6.26 NEGATION OF PARTNERSHIP. Nothing contained in the Loan Documents is
intended to create any partnership, joint venture or association between Grantor
and Noteholder, or in any way make Noteholder a co-principal with Grantor with
reference to the Mortgaged Property, and any inferences to the contrary are
hereby expressly negated.
6.27 ENTIRE AGREEMENT. The Loan Documents constitute the entire
understanding and agreement between Grantor and Noteholder with respect to the
transactions arising in connection with the Indebtedness and supersede all prior
written or oral understandings and agreements between Grantor and Noteholder
with respect thereto. Grantor hereby acknowledges that, except as incorporated
in writing in the Loan Documents, there are not, and were not, and no persons
are or were authorized by Noteholder to make, any representations,
understandings, stipulations, agreements or promises, oral or written, with
respect to the transaction which is the subject of the Loan Documents.

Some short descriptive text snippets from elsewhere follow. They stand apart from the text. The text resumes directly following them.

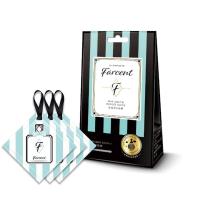 ราคา น้ำหอมติดรถยน์ Farcent ถุงหอมชนิดแขวน ถุงหอมติดรถ แพ็ค 3 ชิ้น หอมนานถึง 8สัปดาห์ ถุงหอม ปรับอากาศ น้ำหอม น้ำหอมปรับอากาศ น้ำหอมรถยนต์ ขายดี (12427924336)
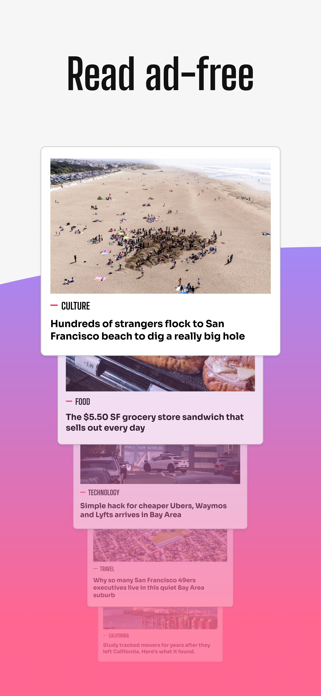 SFGATE Screenshot 3 of 4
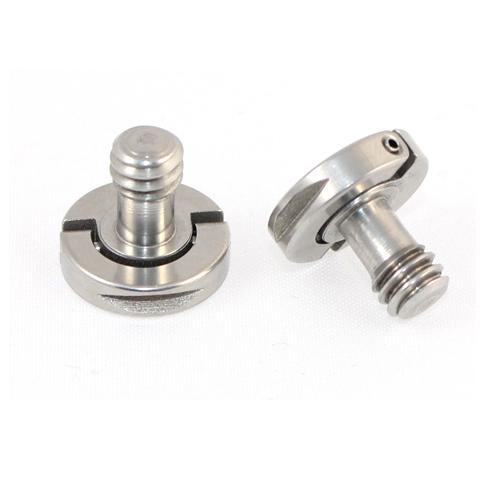 CAMVATE D-Ring Screw 1/4" / Camera / Tripod QR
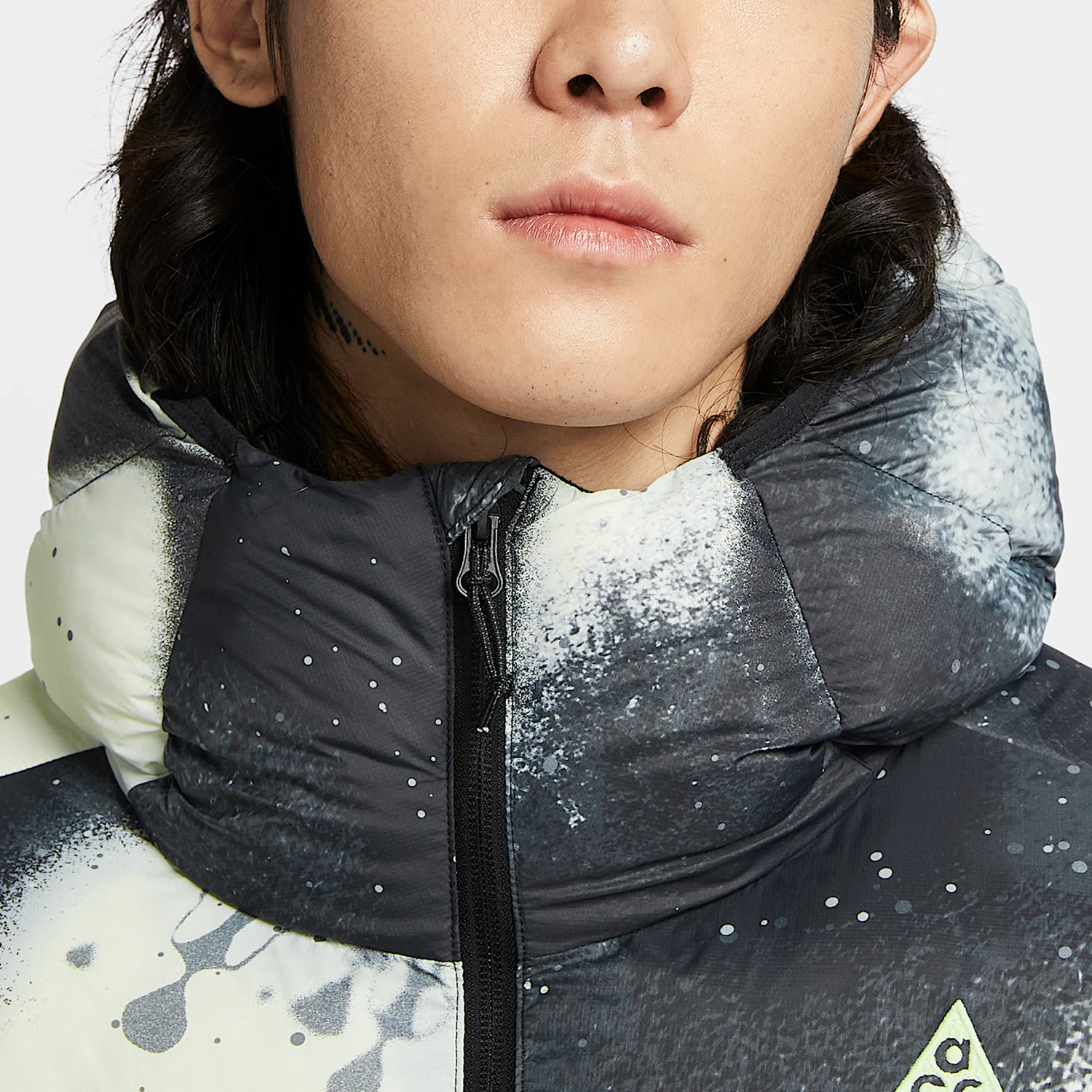 Nike genuine winter men's stan - огляд і ціна Winter Clothing Nike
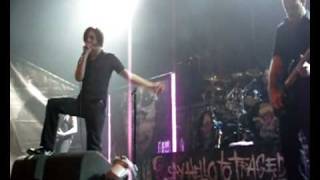 Caliban - Stop Running (Live At Chaos Over Europe Tour 2009 At 013)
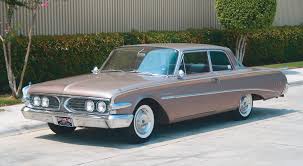 Image result for Sahara Beige 1960 Edsel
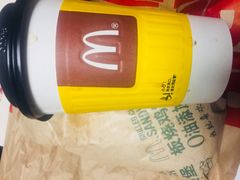 -麦当劳(萧山国际机场T3航站楼店)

EXECUTED as of June 1, 1998.
FIRST COMMAND FINANCIAL CORPORATION
By: /s/ Xxxxx X Xxxxx
-----------------------------------------
Name: Xxxxx X. Xxxxx
-----------------------------------
Title: Chief Executive Officer
Page 41
STATE OF TEXAS Section
Section
COUNTY OF TARRANT Section
This instrument was acknowledged before me on June 11, 1998, by
Xxxxx X. Xxxxx, as ___________________________________ of First Command
Financial Corporation, a Texas corporation, on behalf of said corporation.
[S E A L]
/s/ Xxxxxx X. Xxxxx
-----------------------------------
Notary Public, State of Texas
My Commission Expires:
3-26-01 XXXXXX X. XXXXX
------------ -----------------------------------
Printed Name of Notary
Page 42
EXHIBIT A
BEING a 43750 sqaure foot tract of land situated in the B.B.B. & C.R.R.

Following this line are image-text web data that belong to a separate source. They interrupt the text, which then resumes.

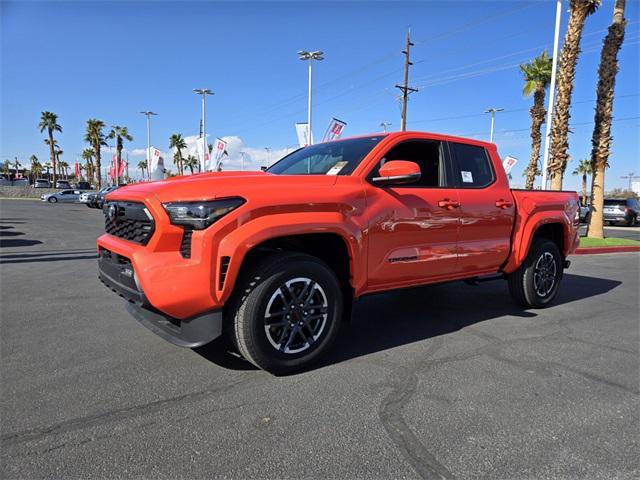 new 2024 Toyota Tacoma car, priced at $50,808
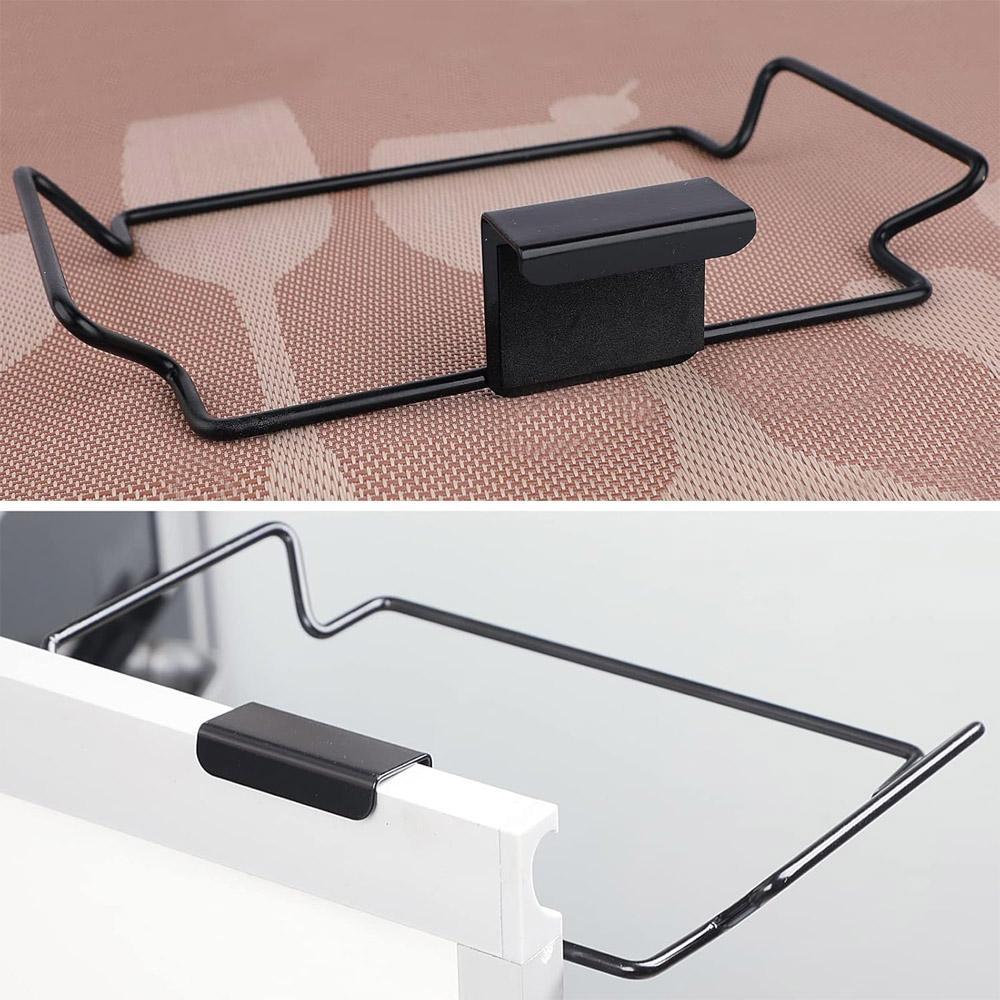 Iron Lid Holder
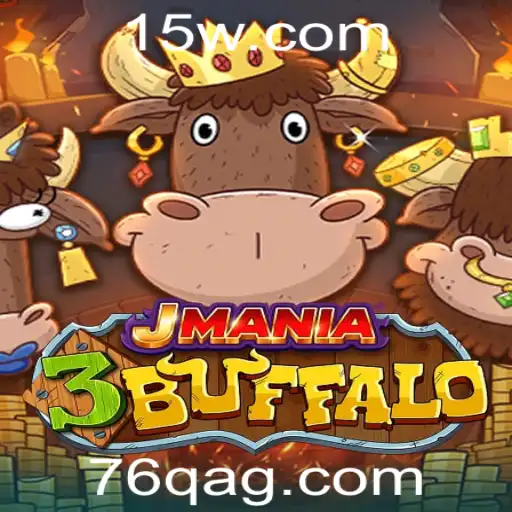 Descubra a Emoção de JMania3Buffalo: O Jogo do Momento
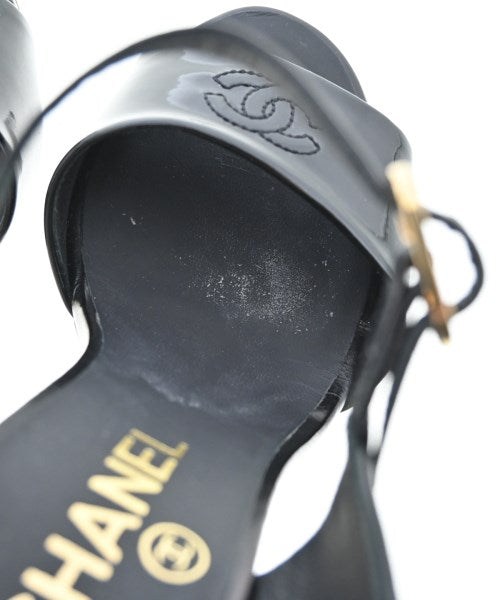 CHANEL รองเท้าส้นสูง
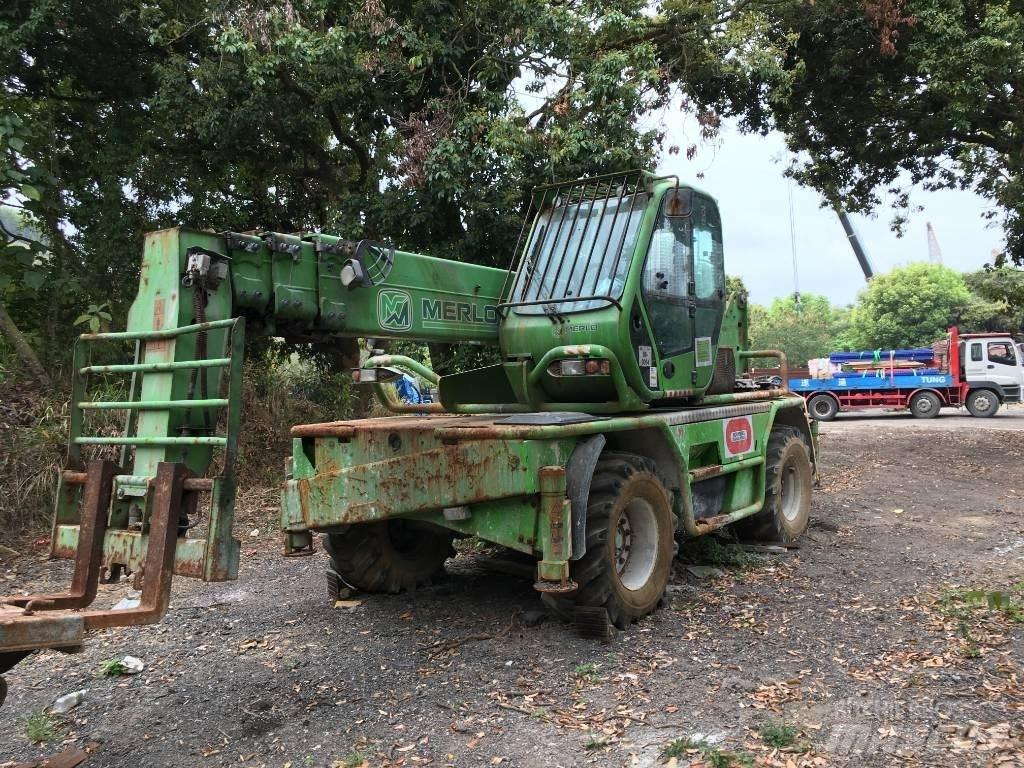 Merlo ROTO 45.21MCSS Građevinarstvo – ostalo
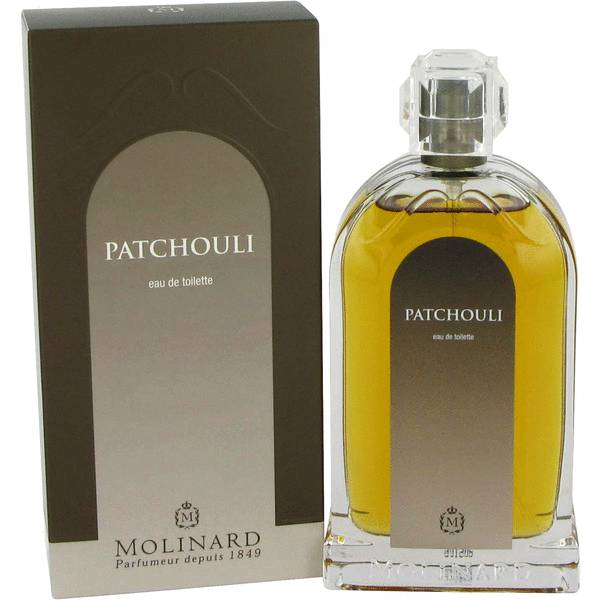 perfume Patchouli Cologne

Survey, Abstract Number 217, and the X. Xxxxxx Survey, Abstract Number 693,
City of Fort Worth, Tarrant County, Texas, being part of Lot 2-R, Block C of
OVERTON WEST ADDITION described by xxxx recorded in Volume 388-173, Page 10,
Plat Records of Tarrant County, Texas (PRTCT), and being part of a called
17.000 acre tract of land described by deed as "TRACT FOUR" to Cassco Land
Co., Inc., recorded in Volume 6494, Page 389, Deed Records of Tarrant County,
Texas (DRTCT), said 43750 square foot tract of land being more particularly
described by metes and bounds as follows:
Commencing at a 1/2-inch iron rod found at the intersection of the north
right-of-way line of Xxxxxxx Plaza (an 80-foot right-of-way) and the west
right-of-way line of South Xxxxx Street (a 120-foot right-of-way);
THENCE along said west right-of-way line the following:
North 00DEG.09'00" East, a distance of 281.00 feet to a 1/2-inch iron
rod found for the beginning of a curve to the left having a central
angle of 09DEG.31'21" and a radius of 1287.60 feet;
Along said curve to the left an arc distance of 214.00 feet and a chord
bearing and distance of North 04DEG.36'41" West 213.75 feet to a
1/2-inch iron rod found for the southeast corner of Lot 1, Block C of
OVERTON WEST ADDITION described by xxxx recorded in Volume 388-74, Page
2, PRTCT;
THENCE South 84DEG.46'00" West, a distance of 327.42 feet along the south
line of said Lot 1 to a point;
THENCE South 05DEG.14'00" East, a distance of 59.71 feet to a point for
corner, said point being the POINT OF BEGINNING;
THENCE South 04DEG.23'44" East, a distance of 125.00 feet to a point for
corner;
THENCE South 85DEG.36'16" West, a distance of 350.00 feet to a point for
corner;
THENCE North 04DEG.23'44" West, a distance of 125.00 feet to a point for
corner;
THENCE North 85DEG.36'16" East, a distance of 350.00 feet to the POINT OF
BEGINNING.
CONTAINING a computed area of 43750 square foot feet of land.